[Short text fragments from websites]

——————————

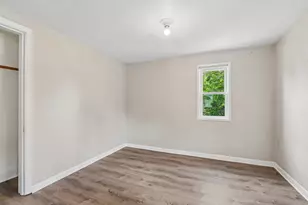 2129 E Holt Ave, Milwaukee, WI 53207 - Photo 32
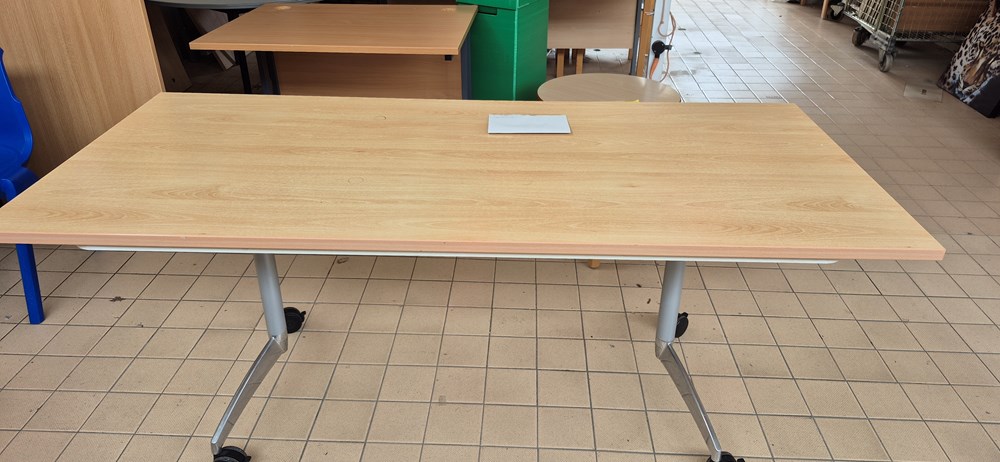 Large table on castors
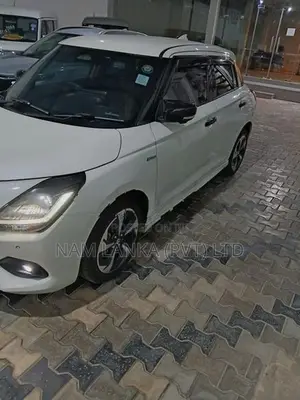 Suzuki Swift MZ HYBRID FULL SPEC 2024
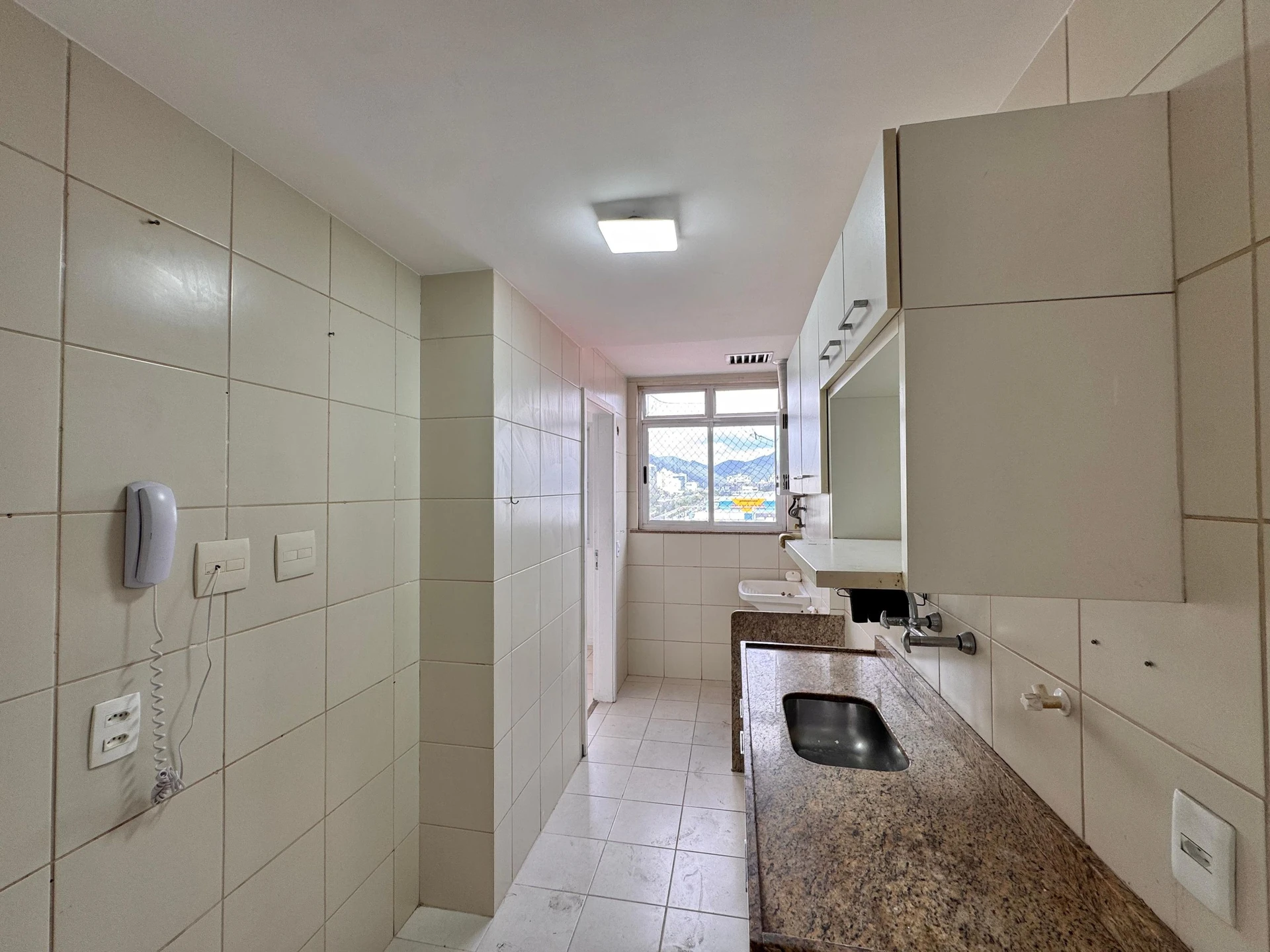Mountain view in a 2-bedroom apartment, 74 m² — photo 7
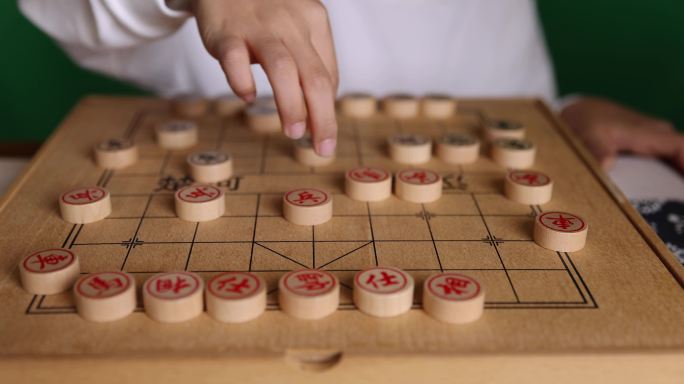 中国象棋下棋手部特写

——————————

ACTION ITEM: Omit the pictures and set down the records exactly.

REPLY:
 2129 E Holt Ave, Milwaukee, WI 53207 - Photo 32
 Large table on castors
 Suzuki Swift MZ HYBRID FULL SPEC 2024
Mountain view in a 2-bedroom apartment, 74 m² — photo 7
 中国象棋下棋手部特写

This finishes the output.